[PATCH 3/3] drm/amdgpu: busywait KIQ register accessing v2
Christian König
christian.koenig at amd.com
Tue Oct 17 08:20:14 UTC 2017
Am 17.10.2017 um 08:37 schrieb Pixel Ding:
> From: pding <Pixel.Ding at amd.com>
>
> Register accessing is performed when IRQ is disabled.

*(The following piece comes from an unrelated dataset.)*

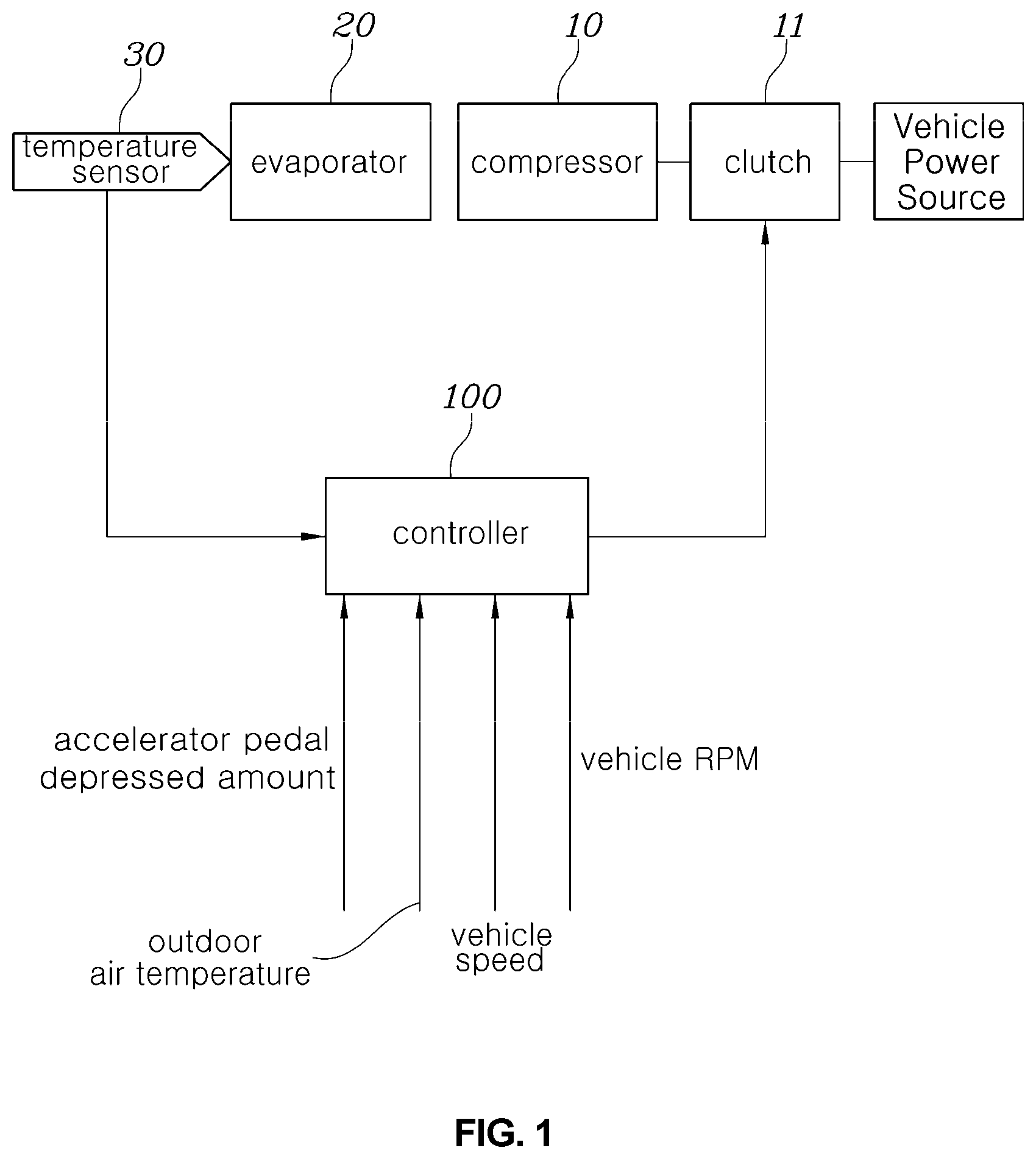 Patent US11787262 — Air conditioning apparatus and method for controlling the same — Figure 1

Never sleep in
> this function.
>
> Known issue: dead sleep in many use cases of index/data registers.
>
> v2: wrap polling fence functions. don't trigger IRQ for polling in
> case of wrongly fence signal.
>
> Signed-off-by: pding <Pixel.Ding at amd.com>
> ---
> drivers/gpu/drm/amd/amdgpu/amdgpu.h | 2 +-
> drivers/gpu/drm/amd/amdgpu/amdgpu_amdkfd_gfx_v8.c | 4 +-
> drivers/gpu/drm/amd/amdgpu/amdgpu_amdkfd_gfx_v9.c | 4 +-
> drivers/gpu/drm/amd/amdgpu/amdgpu_device.c | 8 +---
> drivers/gpu/drm/amd/amdgpu/amdgpu_fence.c | 53 +++++++++++++++++++++++
> drivers/gpu/drm/amd/amdgpu/amdgpu_gfx.c | 2 +-
> drivers/gpu/drm/amd/amdgpu/amdgpu_ring.h | 4 ++
> drivers/gpu/drm/amd/amdgpu/amdgpu_virt.c | 30 ++++++-------
> 8 files changed, 78 insertions(+), 29 deletions(-)
>
> diff --git a/drivers/gpu/drm/amd/amdgpu/amdgpu.h b/drivers/gpu/drm/amd/amdgpu/amdgpu.h
> index ca212ef..cc06e62 100644
> --- a/drivers/gpu/drm/amd/amdgpu/amdgpu.h
> +++ b/drivers/gpu/drm/amd/amdgpu/amdgpu.h
> @@ -885,7 +885,7 @@ struct amdgpu_mec {
> struct amdgpu_kiq {
> u64 eop_gpu_addr;
> struct amdgpu_bo *eop_obj;
> - struct mutex ring_mutex;
> + spinlock_t ring_lock;
> struct amdgpu_ring ring;
> struct amdgpu_irq_src irq;
> };
> diff --git a/drivers/gpu/drm/amd/amdgpu/amdgpu_amdkfd_gfx_v8.c b/drivers/gpu/drm/amd/amdgpu/amdgpu_amdkfd_gfx_v8.c
> index 9d9965d..6d83573 100644
> --- a/drivers/gpu/drm/amd/amdgpu/amdgpu_amdkfd_gfx_v8.c
> +++ b/drivers/gpu/drm/amd/amdgpu/amdgpu_amdkfd_gfx_v8.c
> @@ -788,7 +788,7 @@ static int invalidate_tlbs_with_kiq(struct amdgpu_device *adev, uint16_t pasid)
> struct dma_fence *f;
> struct amdgpu_ring *ring = &adev->gfx.kiq.ring;
>
> - mutex_lock(&adev->gfx.kiq.ring_mutex);
> + spin_lock(&adev->gfx.kiq.ring_lock);
> amdgpu_ring_alloc(ring, 12); /* fence + invalidate_tlbs package*/
> amdgpu_ring_write(ring, PACKET3(PACKET3_INVALIDATE_TLBS, 0));
> amdgpu_ring_write(ring,
> @@ -796,7 +796,7 @@ static int invalidate_tlbs_with_kiq(struct amdgpu_device *adev, uint16_t pasid)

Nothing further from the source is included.